Russ "Mugger" Smith of the invaluable Splice Today points out something worth remembering. The Times' house editorial, which was published just two days after Brooks' piece, is even worse, and not just because it supposedly carries the imprimatur of the wise folks at the Gray Lady. Writes Smith:

[The Times' editorial] "The Marijuana Experiment" … [takes] a very critical stance on the rapidly moving trend in states across the country that have either legalized pot or are in the process of doing so. The Times editorial board is clearly against such a populist movement—even though: abortion, check, gay marriage, check, unisex bathrooms, coming up—and it's my guess that one of Brooks' superiors at the paper suggested he write such an essay to gauge opinion. Otherwise, why would the editor who presumably reads Brooks' columns before they're published leave him open for such scorn?

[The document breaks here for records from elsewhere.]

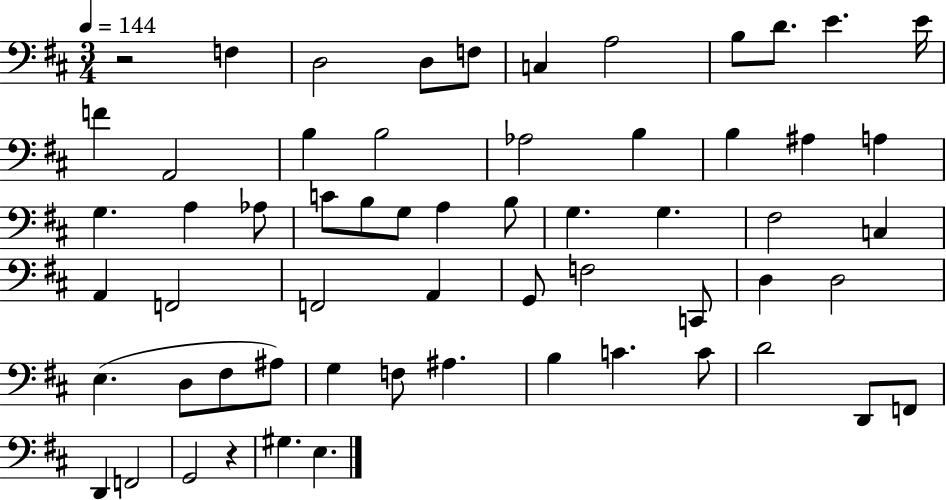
{
  \clef bass
  \numericTimeSignature
  \time 3/4
  \key d \major
  \tempo 4 = 144
  r2 f4 | d2 d8 f8 | c4 a2 | b8 d'8. e'4. e'16 | \break f'4 a,2 | b4 b2 | aes2 b4 | b4 ais4 a4 | \break g4. a4 aes8 | c'8 b8 g8 a4 b8 | g4. g4. | fis2 c4 | \break a,4 f,2 | f,2 a,4 | g,8 f2 c,8 | d4 d2 | \break e4.( d8 fis8 ais8) | g4 f8 ais4. | b4 c'4. c'8 | d'2 d,8 f,8 | \break d,4 f,2 | g,2 r4 | gis4. e4. | \bar "|."
}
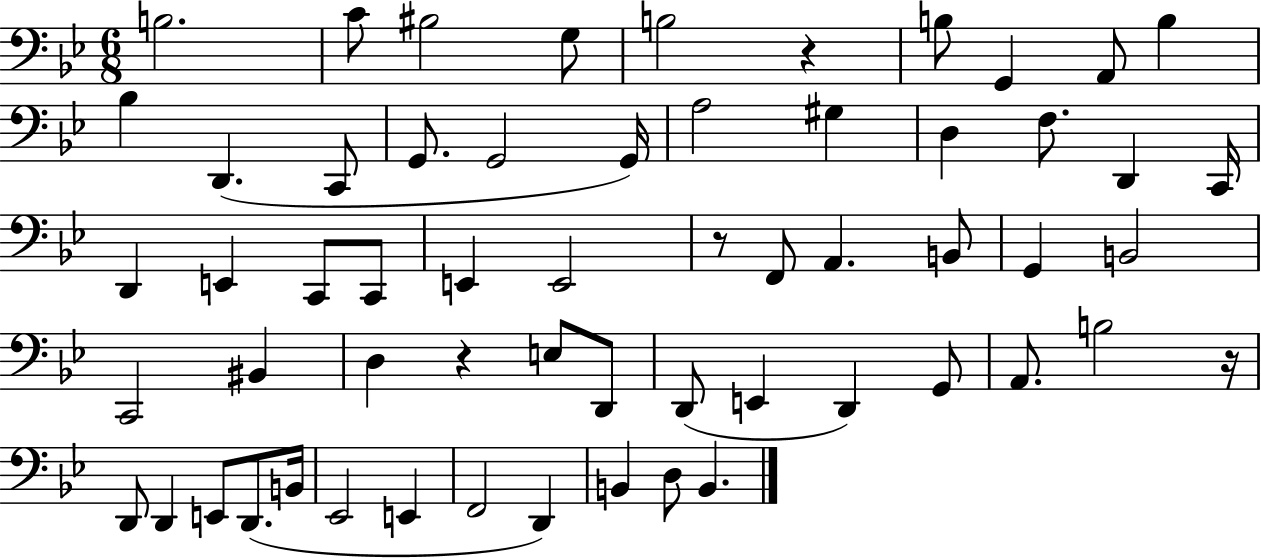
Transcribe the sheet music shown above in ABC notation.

X:1
T:Untitled
M:6/8
L:1/4
K:Bb
B,2 C/2 ^B,2 G,/2 B,2 z B,/2 G,, A,,/2 B, _B, D,, C,,/2 G,,/2 G,,2 G,,/4 A,2 ^G, D, F,/2 D,, C,,/4 D,, E,, C,,/2 C,,/2 E,, E,,2 z/2 F,,/2 A,, B,,/2 G,, B,,2 C,,2 ^B,, D, z E,/2 D,,/2 D,,/2 E,, D,, G,,/2 A,,/2 B,2 z/4 D,,/2 D,, E,,/2 D,,/2 B,,/4 _E,,2 E,, F,,2 D,, B,, D,/2 B,,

Marijuana legalization—or decriminalization—is an issue that gains supporters every day, so the Times triumvirate of publisher Arthur Sulzberger, Jr. (62), executive editor Jill Abramson (59) and editorial page editor Andrew Rosenthal (57) knows the paper will have to take a more definitive stand in the coming months, particularly since New York's governor and possible Democratic presidential candidate Andrew Cuomo has proposed the very minor step of allowing medicinal marijuana in 20 hospitals across the state.

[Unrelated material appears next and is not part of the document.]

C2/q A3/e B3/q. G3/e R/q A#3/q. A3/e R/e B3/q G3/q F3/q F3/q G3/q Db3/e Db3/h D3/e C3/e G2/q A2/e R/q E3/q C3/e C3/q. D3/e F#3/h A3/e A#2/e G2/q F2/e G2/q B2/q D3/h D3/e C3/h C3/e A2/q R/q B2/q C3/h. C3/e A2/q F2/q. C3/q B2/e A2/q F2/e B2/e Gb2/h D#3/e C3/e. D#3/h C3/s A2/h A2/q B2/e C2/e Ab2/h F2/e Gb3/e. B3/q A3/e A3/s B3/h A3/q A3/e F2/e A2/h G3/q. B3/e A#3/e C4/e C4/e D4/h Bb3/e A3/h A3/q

I don't buy Smith's suggestion that Brooks was strongarmed into writing a column he didn't believe in, but Smith is right that the Times house editorial is suffused with a slow-twitch, pre-senility panic about all the terrors that might be unleashed upon the world now that weed can be smoked without a potential arrest harshing the buzz. Curiously, the Times editorial doesn't comment on whether the Colorado law is a good or bad thing, choosing instead to lay out a litany of things that might go terribly, terribly wrong.

The Times list of "what to watch for in the early stages of this experiment" include under-age smoking, marketing to youths, driving while drunk and high, and interstate trafficking. About the only thing missing from the list is  a Harry Anslinger-inspired anxiety about whether easy access to dope will increase the desire among "white women to seek sexual relations with Negroes, entertainers, and any others."

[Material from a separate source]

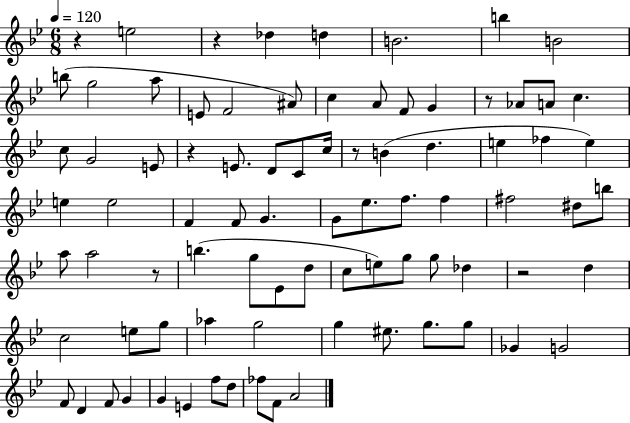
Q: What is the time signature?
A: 6/8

What does it tell you about the state of mainstream establishment journalism when the liberal New York Times is tut-tutting about "what to watch" for in Colorado at the same time that the conservative National Review is editorializing that "Colorado has become the first state to make the prudent choice of legalizing the consumption and sale of marijuana…"?

It tells you a lot—and nothing that reflects well on the New York Times.